The advent of Gmail in 2004 as a revolutionary webmail service spurred a wave of innovation amongst webmail services. Hotmail too made dramatic changes featuring greater storage, speed, and interface flexibility. Hotmail initially offered 2MB free storage while today it offers ever-growing storage.  The service has since  been growing at an astounding pace both in innovation and engineering as well as in user base.

Hotmail is on a Roll with Updates

While we gasped at the awesomeness of the relaunched SkyDrive earlier this week, most of us have failed to notice the slew of updates to another product by the same business division at Microsoft. Hotmail has been releasing updates all through the month of June, some of which haven’t been even announced officially.Hotmail

While some of these have been feature additions, others have been nice user interface tweaks. The evident speed improvements are a result of some clever HTML5 programming. The team has clearly been inspired by Outlook and brings many features from Outlook/Outlook Web Access to Hotmail.


Since a couple of weeks, the header on the Hotmail has changed to a header similar to SkyDrive. It has a consolidated menu for SkyDrive instead of the Photos and Office links.

Based on the user feedback, the Hotmail team has adjusted the Back button so that it now works more effectively, and attachments now get saved to email drafts. Also, users can recover some lost email through a new link in the Deleted folder.

Kip from liveside.net has also spotted a quick view Calendar in the left navigation pane. I haven’t had this update on my account as yet, and neither did most people that I checked with at the time of writing this post.

Right-click Menus

Hotmail has added more right-click action options this week inspired by Outlook. When you right-click a message in your inbox, a new menu appears allowing you to Reply, Reply all, or Forward the message. Hotmail already supports right-click actions like Mark as unread, Delete, Junk, Move, and View message source. This is a definite speed-booster for the daily email tasks.

Keyboard Shortcuts

Hotmail supports several keyboard shortcuts familiar to the Outlook users, such as Ctrl+N for a new message, and Ctrl+Enter to send a message. It also provides keyboard shortcuts that users who have switched from Gmail and Yahoo! Mail are already used to with the previous email service.
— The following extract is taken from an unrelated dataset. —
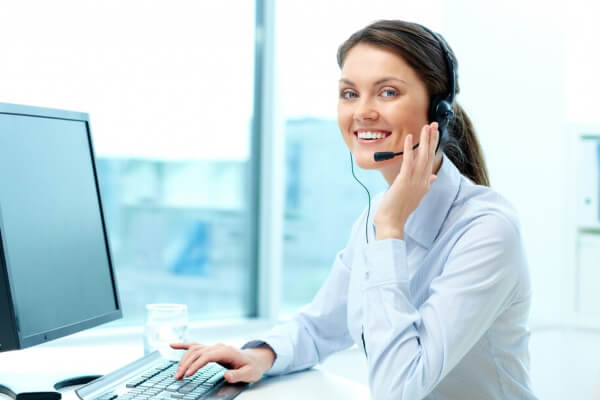 customer-suport-bg Customer Support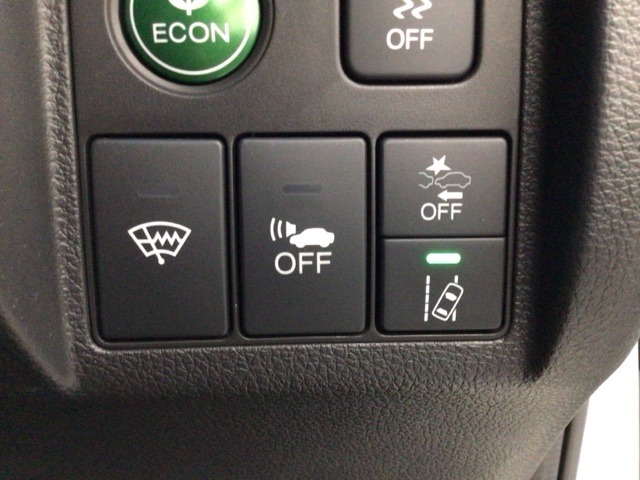 ホンダが推し進める総合先進安全装備のセンシング搭載！　衝突や斜線はみだしなどの危険が予測される時、センサーが警告。ヒューマンエラーを高度先進技術が補完してくれます。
While you could always customize individual email messages, now Hotmail allows you to set a set a default font and personal signature for all your email messages.

Message Pre-loading

Last week, an option appeared in Hotmail to allow message pre-loading that pre-loads messages and folders in order to make them load faster and speed up reading. The feature needs to be activated from the Hotmail options.


While most of these additions increase speed and productivity while using Hotmail, a few features on my wish-list still remain to be struck off.

  • If you’ve pinned Hotmail to your Windows 7 Taskbar, you receive a notification of a new mail. Unfortunately, there is no Messenger notification. While Facebook and Gmail change the browser title to notify a user of an incoming chat message, Hotmail has no such feature.
  • While Outlook saves conversation history from communicator, Hotmail doesn’t do that for Messenger. This is one Outlook feature I would really want to see come to this side.
  • More right-click options? Yay! However, I still find it natural to expect right-click action options on folders in the left navigation pane.
  • This is not a personal wish, but asking for no advertisements on Hotmail finds resonance across the web. The latest refresh of SkyDrive does away with ads, so there is hope.